* _Exercise_
Copy out all the records exactly.

* _Listed records_
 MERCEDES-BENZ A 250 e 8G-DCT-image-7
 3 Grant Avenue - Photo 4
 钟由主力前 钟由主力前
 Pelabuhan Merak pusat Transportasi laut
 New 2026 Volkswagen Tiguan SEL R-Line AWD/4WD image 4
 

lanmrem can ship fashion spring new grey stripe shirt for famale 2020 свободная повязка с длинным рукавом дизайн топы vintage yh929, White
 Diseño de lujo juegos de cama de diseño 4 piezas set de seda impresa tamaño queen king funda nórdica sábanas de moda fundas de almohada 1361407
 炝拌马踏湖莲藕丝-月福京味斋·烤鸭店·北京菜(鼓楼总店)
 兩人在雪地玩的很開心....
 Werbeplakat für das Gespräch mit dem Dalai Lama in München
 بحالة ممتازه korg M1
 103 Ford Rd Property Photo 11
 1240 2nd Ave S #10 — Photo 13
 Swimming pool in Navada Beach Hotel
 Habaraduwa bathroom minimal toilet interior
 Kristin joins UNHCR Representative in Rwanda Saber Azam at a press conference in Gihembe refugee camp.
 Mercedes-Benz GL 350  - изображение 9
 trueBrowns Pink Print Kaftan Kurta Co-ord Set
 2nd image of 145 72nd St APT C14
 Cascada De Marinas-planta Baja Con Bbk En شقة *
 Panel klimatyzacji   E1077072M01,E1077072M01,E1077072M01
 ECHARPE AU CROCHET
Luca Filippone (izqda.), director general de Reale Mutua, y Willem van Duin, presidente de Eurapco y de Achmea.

* _Written response_
 MERCEDES-BENZ A 250 e 8G-DCT-image-7
 3 Grant Avenue - Photo 4
 钟由主力前 钟由主力前
 Pelabuhan Merak pusat Transportasi laut
 New 2026 Volkswagen Tiguan SEL R-Line AWD/4WD image 4
 

lanmrem can ship fashion spring new grey stripe shirt for famale 2020 свободная повязка с длинным рукавом дизайн топы vintage yh929, White
 Diseño de lujo juegos de cama de diseño 4 piezas set de seda impresa tamaño queen king funda nórdica sábanas de moda fundas de almohada 1361407
 炝拌马踏湖莲藕丝-月福京味斋·烤鸭店·北京菜(鼓楼总店)
 兩人在雪地玩的很開心....
 Werbeplakat für das Gespräch mit dem Dalai Lama in München
 بحالة ممتازه korg M1
 103 Ford Rd Property Photo 11
 1240 2nd Ave S #10 — Photo 13
 Swimming pool in Navada Beach Hotel
 Habaraduwa bathroom minimal toilet interior
 Kristin joins UNHCR Representative in Rwanda Saber Azam at a press conference in Gihembe refugee camp.
 Mercedes-Benz GL 350  - изображение 9
 trueBrowns Pink Print Kaftan Kurta Co-ord Set
 2nd image of 145 72nd St APT C14
 Cascada De Marinas-planta Baja Con Bbk En شقة *
 Panel klimatyzacji   E1077072M01,E1077072M01,E1077072M01
 ECHARPE AU CROCHET
Luca Filippone (izqda.), director general de Reale Mutua, y Willem van Duin, presidente de Eurapco y de Achmea.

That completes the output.